- Może zbyt wiele czasu nie odpoczywałem przez te wakacje. Myślę jednak, że jestem do tego przyzwyczajony. To jest moja praca, po części nawet miłość do tego sportu. Lubię to robić i dopóki tak jest to z chęcią będę skracał wakacje, by właśnie trenować. Wracam wypoczęty, pełni sił - powiedział po zakończonej prezentacji drużyny Stelmetu BC Łukasz Koszarek.
Koszykarz przyznał, iż nie może doczekać się pierwszych meczów, w których weźmie udział cała drużyna. - Na pewno jestem głodny tych pierwszych spotkań. Klub, a reprezentacja to zupełnie inne sprawy, to coś innego.
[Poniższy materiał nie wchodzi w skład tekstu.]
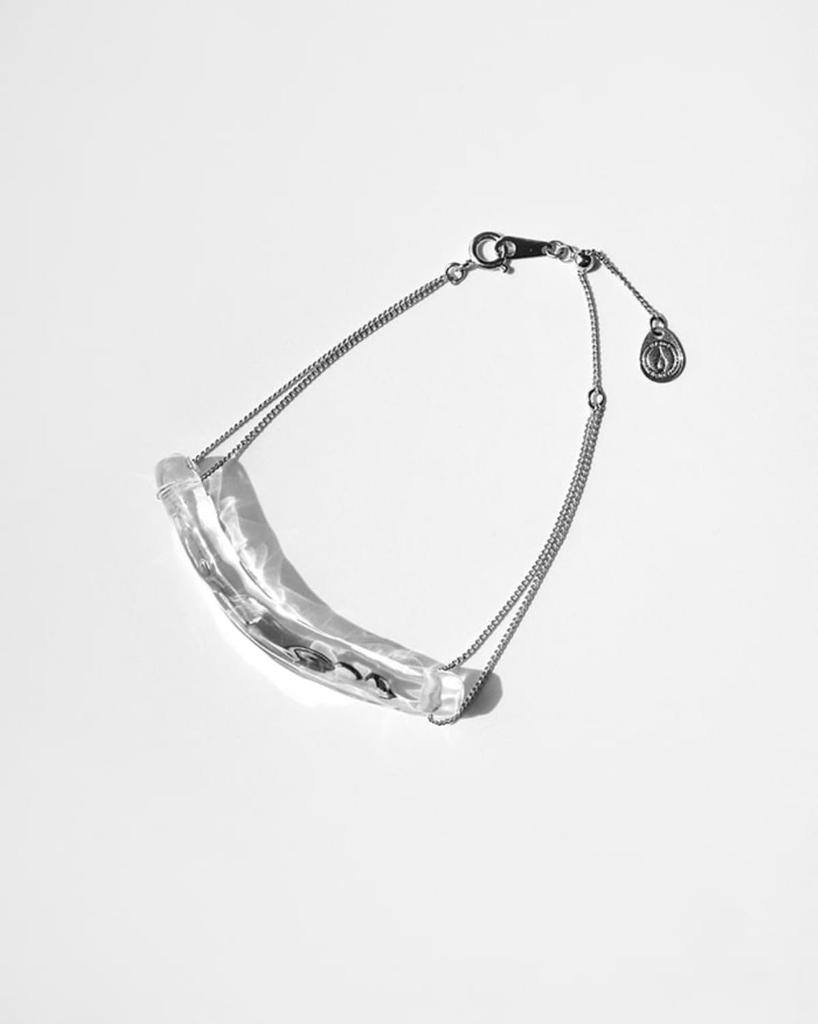 set Lampwork Factory Nagare Bracelet gift bag with [Set] 2-piece (HARIO HAA-NG-BL, ribbon)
Dlatego też oczekuję choćby niedzielnego pojedynku - zapowiedział.
Koszarek pełniąc rolę kapitana zielonogórskiego zespołu jest po części odpowiedzialny za integrację w zespole. Ze względu na uczestnictwo w meczach reprezentacji kadry narodowej dotarł do nowej ekipy aktualnego mistrza Polski dopiero przed kilkoma dniami. - Wszyscy się już poznaliśmy ze sobą. Widzimy się teraz codziennie, więc ten proces idzie do przodu. Jednak tak do końca to my się chyba nigdy nie poznamy - zażartował gracz.
Na koniec rozmowy zawodnik podkreślił, iż tym razem superpuchar będzie należeć do ekipy zielonogórskiej. - Będzie nasz i koniec - zapewnił.